(Extracted records)
Segment Open
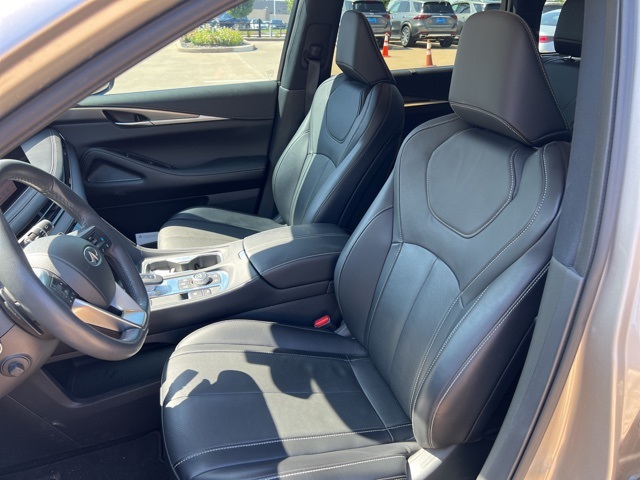 used 2023 INFINITI QX60 car, priced at $42,227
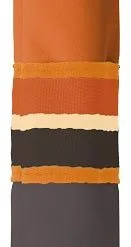 Sun Mountain Sonnenalp Mid-Stripe Alignment Stick Cover -CLUBS Sales shop MidStripe STICKCOVERCABIN UMBER WHEATcopy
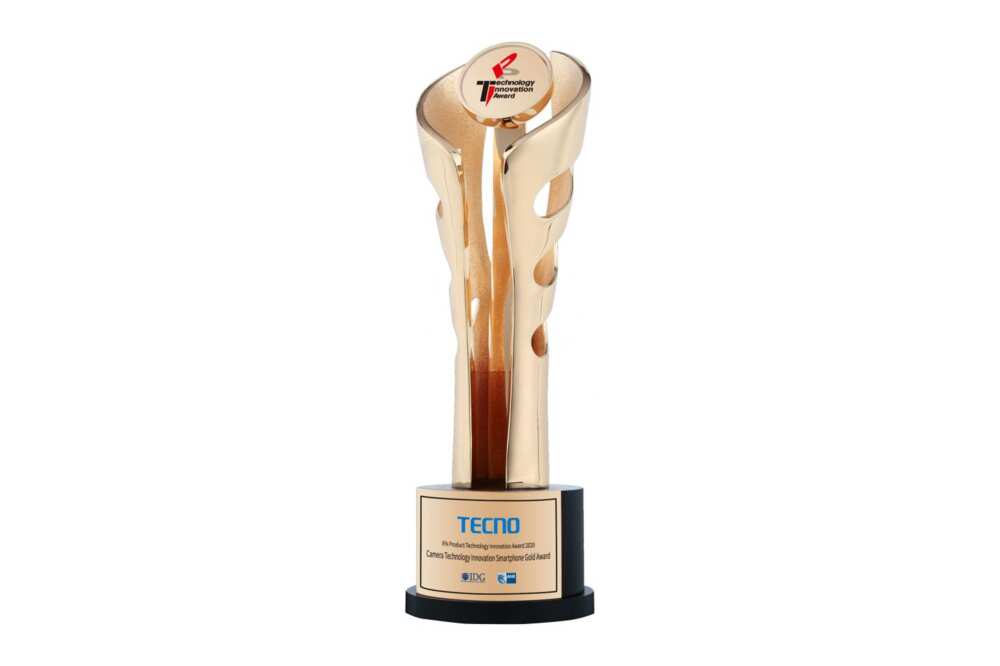 TECNO CAMON 16 Premier wins IFA Award for its excellent camera TECNO CAMON 16 Premier wins IFA Award for its excellent camera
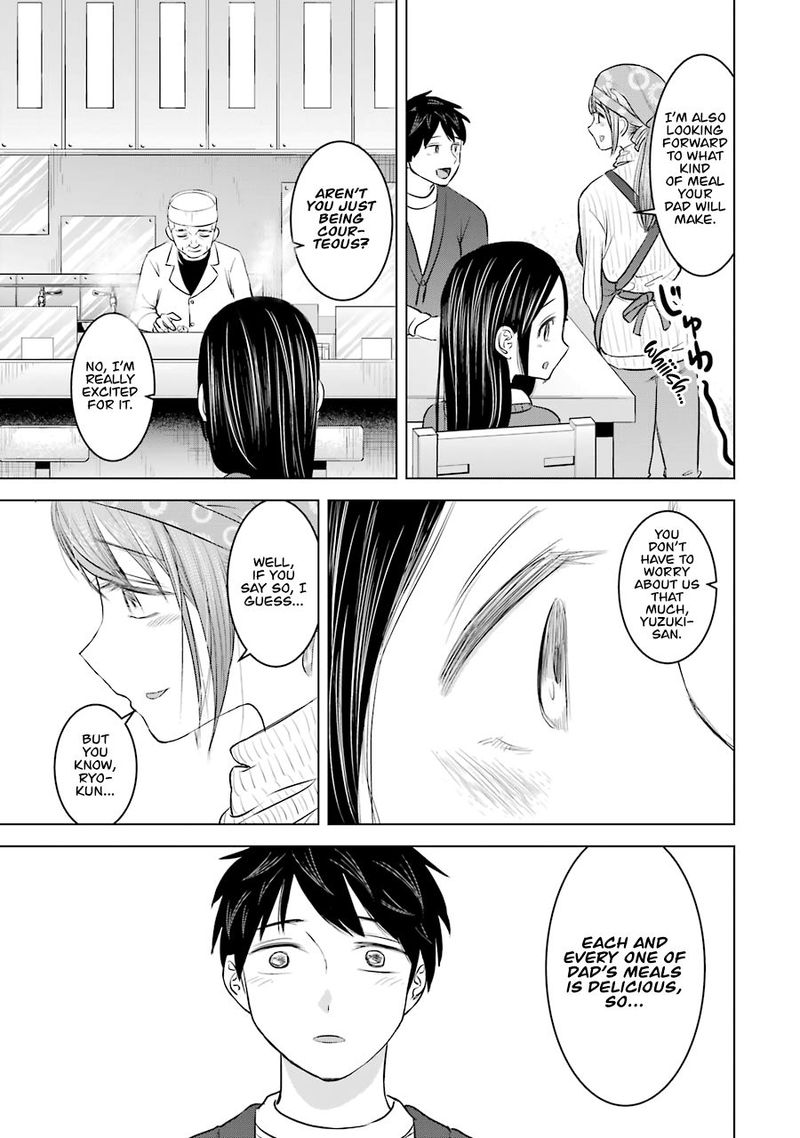 Kimi No Okaa San O Boku Ni Kudasai Chapter 17 Page 20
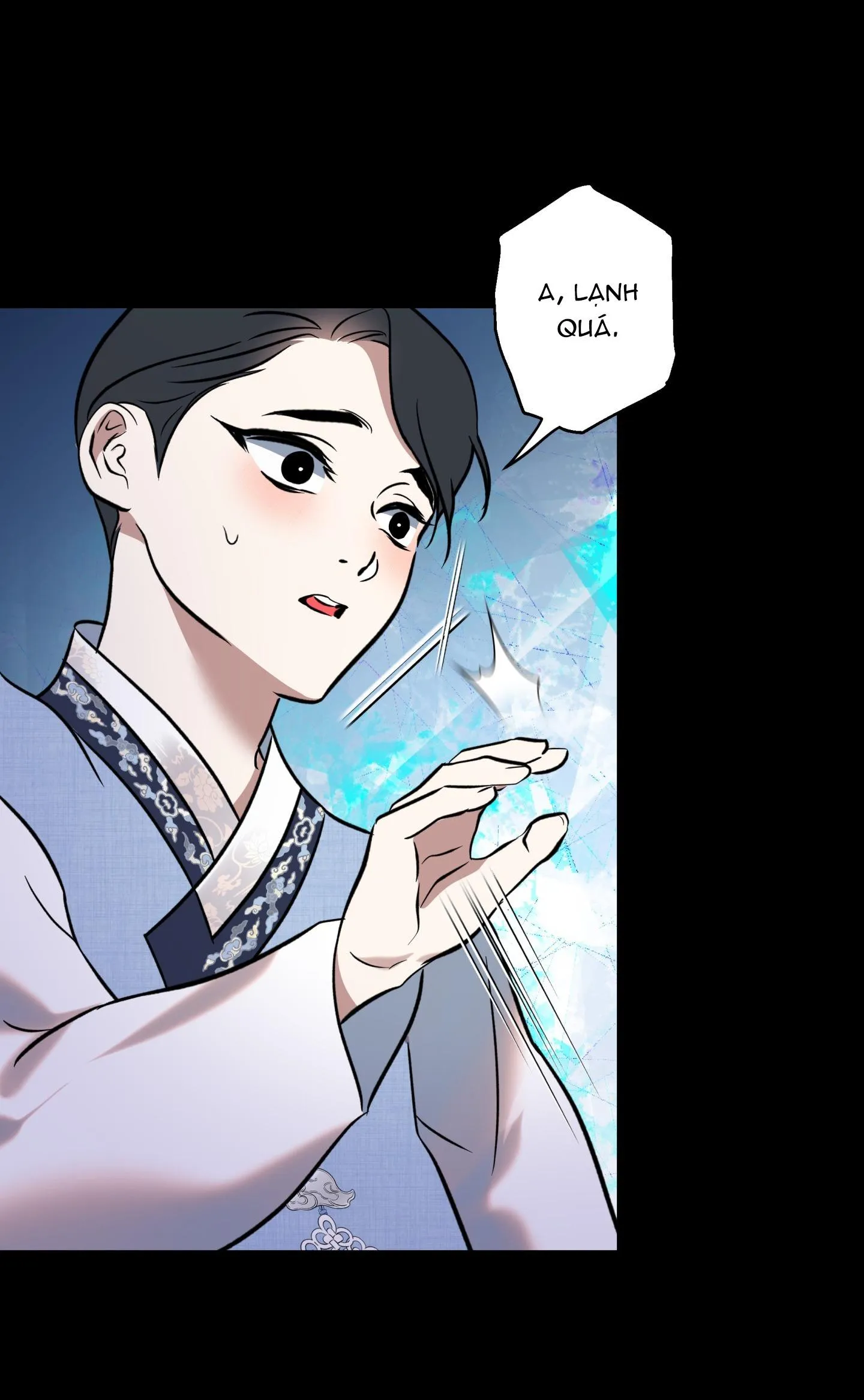 CÓ LẼ MỖI NGÀY ĐỀU MƯA Chapter 12 Trang 31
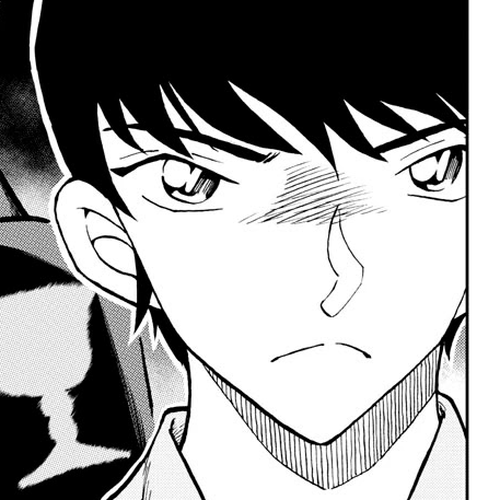 Detective Conan: Police Academy Arc Wild Police Story Chapter 11: Gathering and discussing cover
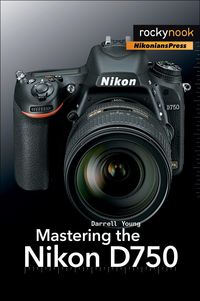 Produktbild: Mastering the Nikon D750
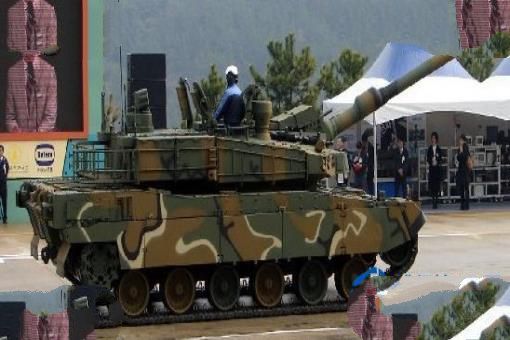 现役十大主战坦克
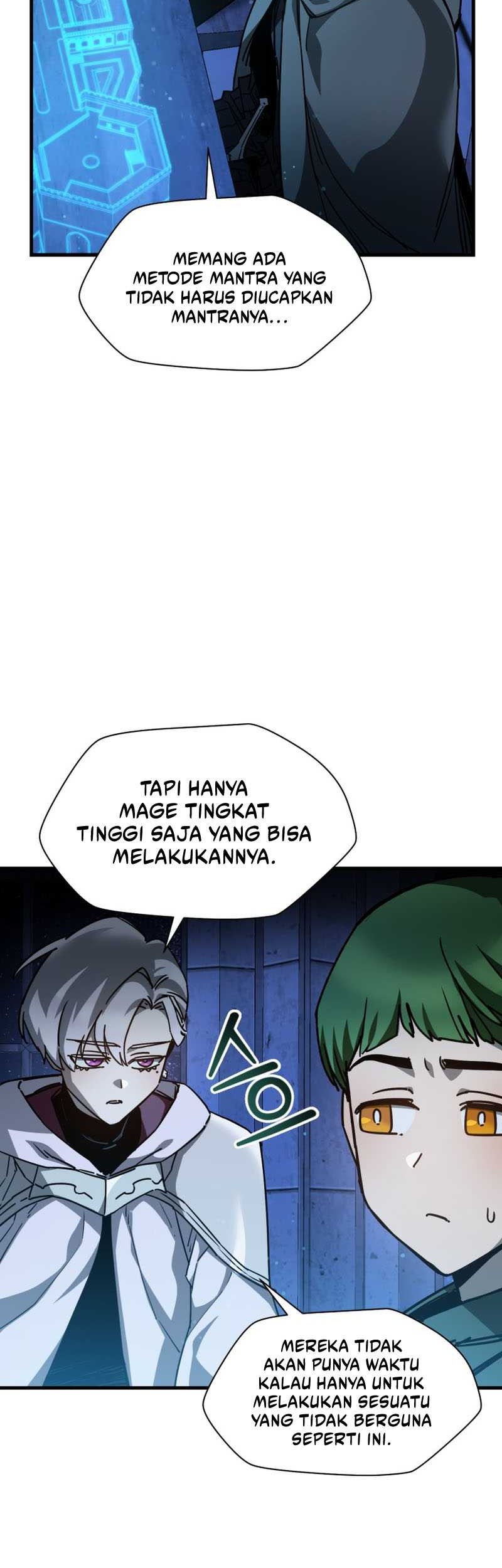 Helmut: The Forsaken Child Chapter 37 Gambar 36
Segment Closed
EXERCISE
For every line above, produce an exact transcription that omits the images.

ANSWER TO THIS EXERCISE
 used 2023 INFINITI QX60 car, priced at $42,227
 Sun Mountain Sonnenalp Mid-Stripe Alignment Stick Cover -CLUBS Sales shop MidStripe STICKCOVERCABIN UMBER WHEATcopy
 TECNO CAMON 16 Premier wins IFA Award for its excellent camera TECNO CAMON 16 Premier wins IFA Award for its excellent camera
 Kimi No Okaa San O Boku Ni Kudasai Chapter 17 Page 20
 CÓ LẼ MỖI NGÀY ĐỀU MƯA Chapter 12 Trang 31
 Detective Conan: Police Academy Arc Wild Police Story Chapter 11: Gathering and discussing cover
 Produktbild: Mastering the Nikon D750
 现役十大主战坦克
 Helmut: The Forsaken Child Chapter 37 Gambar 36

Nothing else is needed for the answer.